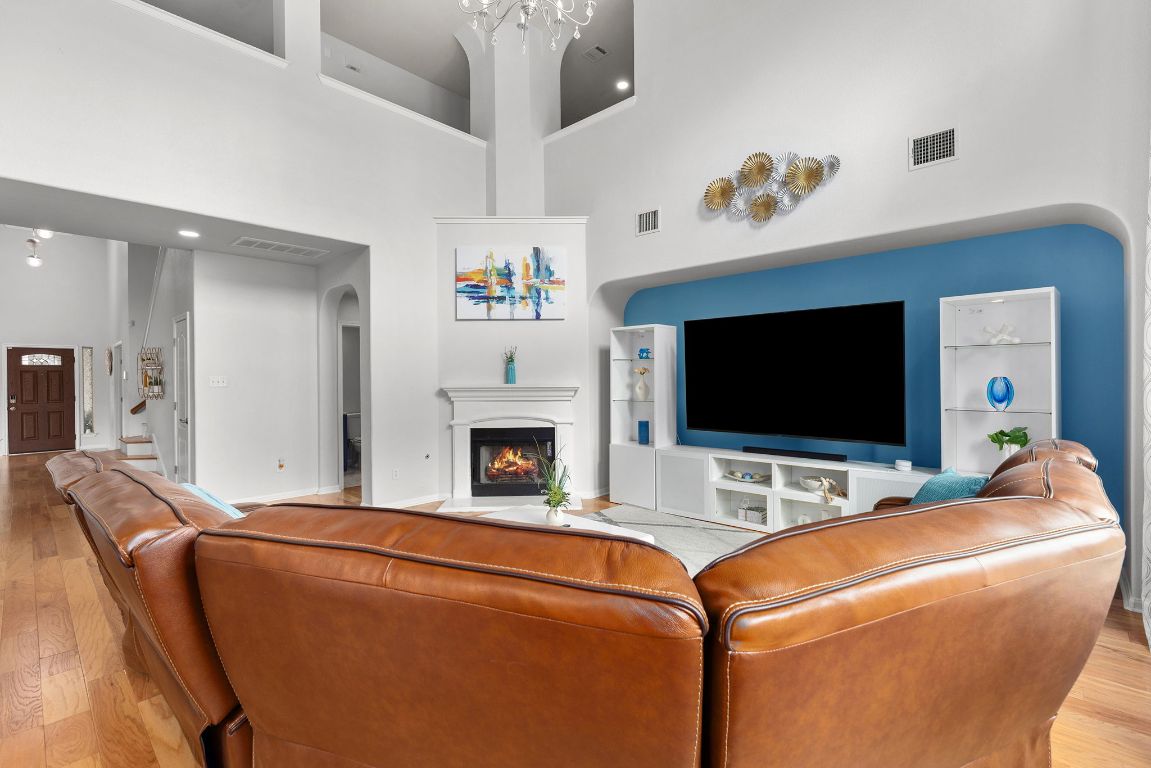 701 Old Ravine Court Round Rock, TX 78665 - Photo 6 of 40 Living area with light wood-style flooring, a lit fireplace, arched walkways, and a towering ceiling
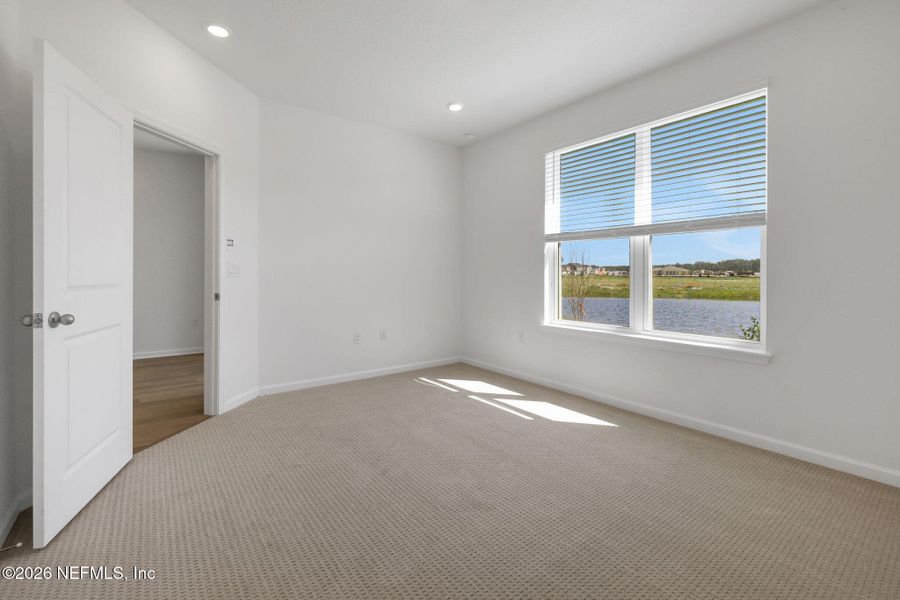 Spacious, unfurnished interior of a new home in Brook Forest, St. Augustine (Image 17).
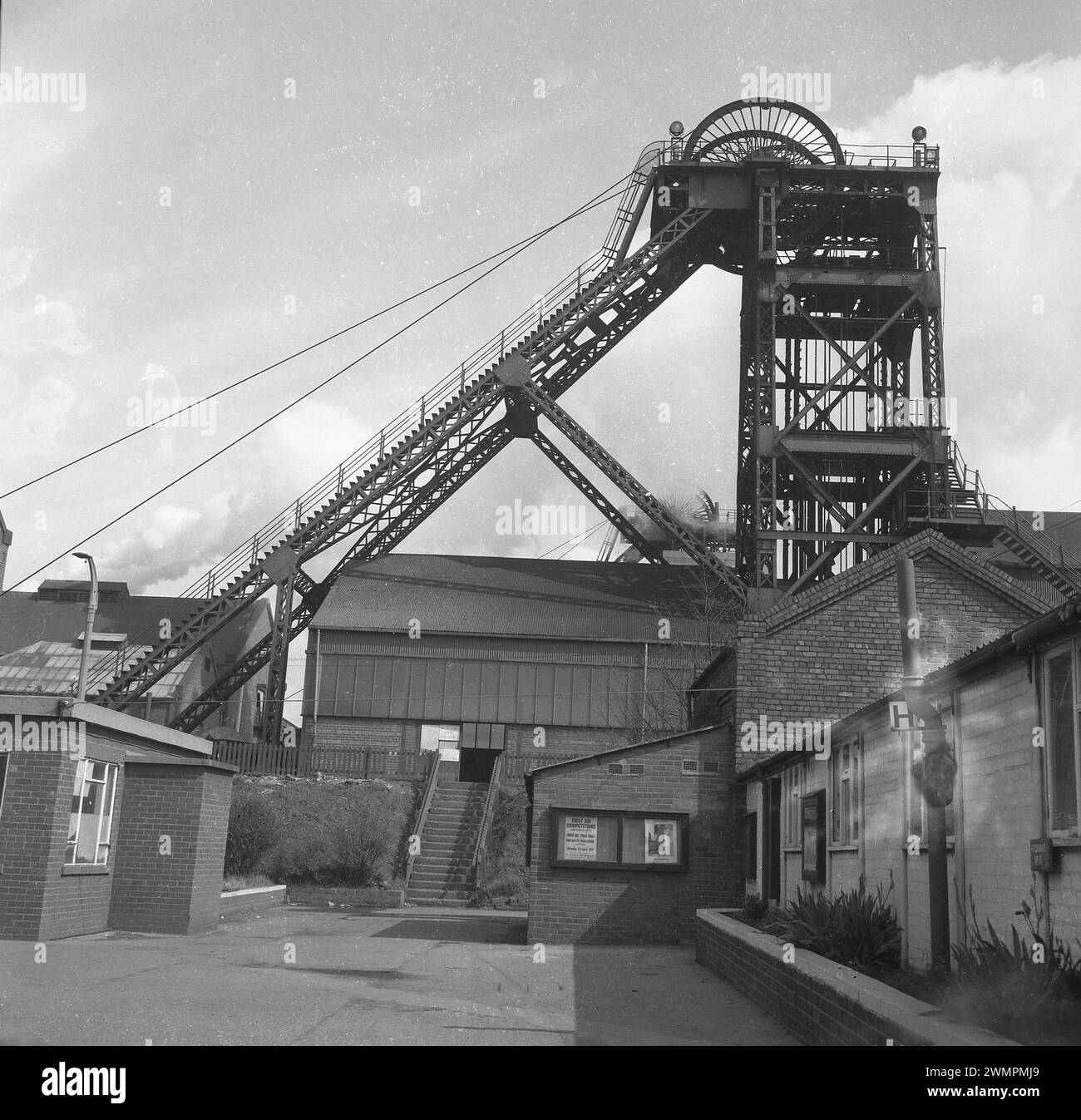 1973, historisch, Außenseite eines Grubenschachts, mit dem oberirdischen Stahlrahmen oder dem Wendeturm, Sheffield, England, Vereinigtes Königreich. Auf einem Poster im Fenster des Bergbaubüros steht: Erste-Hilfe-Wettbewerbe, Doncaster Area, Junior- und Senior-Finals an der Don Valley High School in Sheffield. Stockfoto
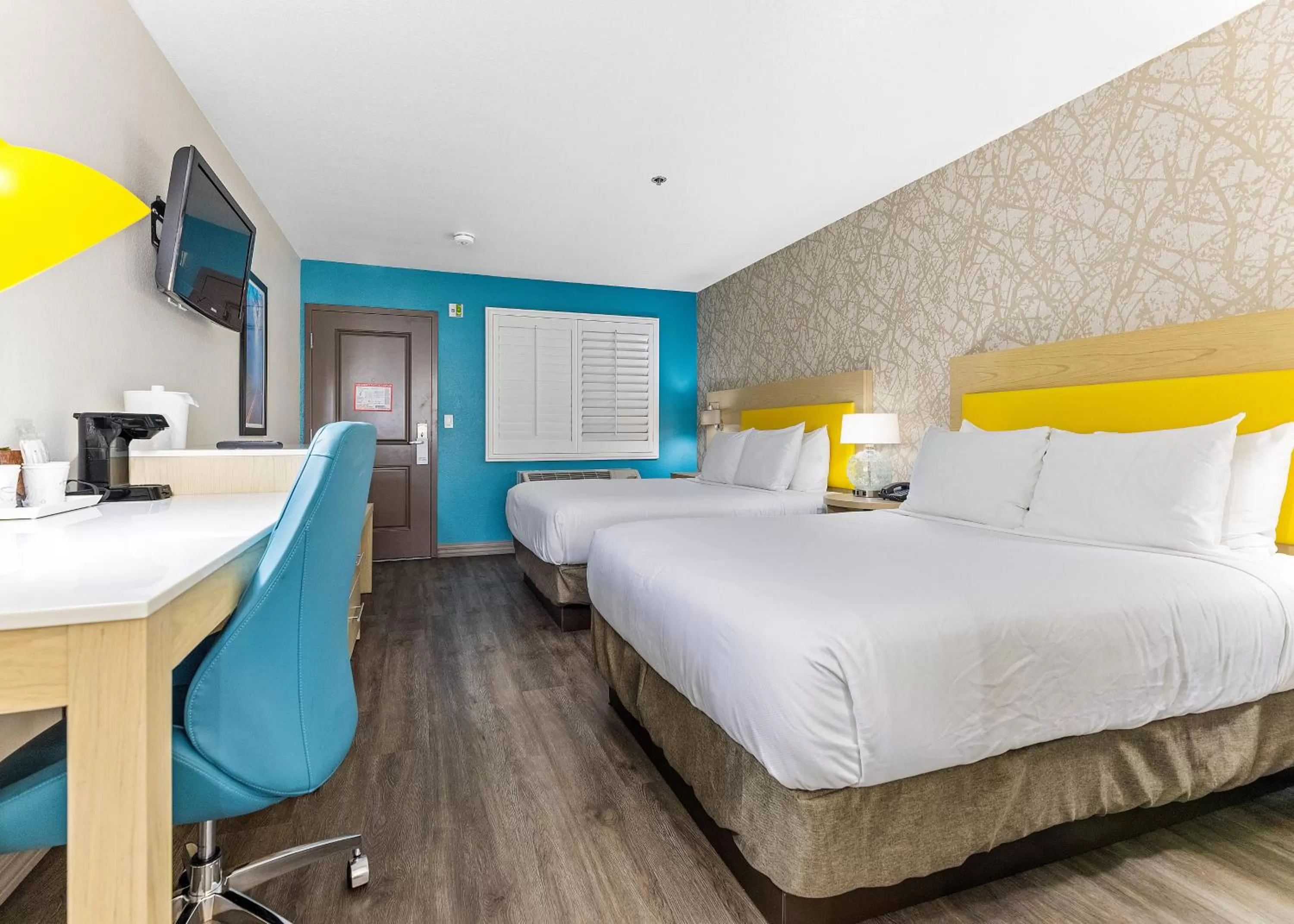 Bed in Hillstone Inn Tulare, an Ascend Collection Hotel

# Work request:
Reproduce exactly, and only, the lines from the one with "Spacious, unfurnished interior" to the final line of the listing above; the pictures are to be left out.

# Task answer:
 Spacious, unfurnished interior of a new home in Brook Forest, St. Augustine (Image 17).
 1973, historisch, Außenseite eines Grubenschachts, mit dem oberirdischen Stahlrahmen oder dem Wendeturm, Sheffield, England, Vereinigtes Königreich. Auf einem Poster im Fenster des Bergbaubüros steht: Erste-Hilfe-Wettbewerbe, Doncaster Area, Junior- und Senior-Finals an der Don Valley High School in Sheffield. Stockfoto
 Bed in Hillstone Inn Tulare, an Ascend Collection Hotel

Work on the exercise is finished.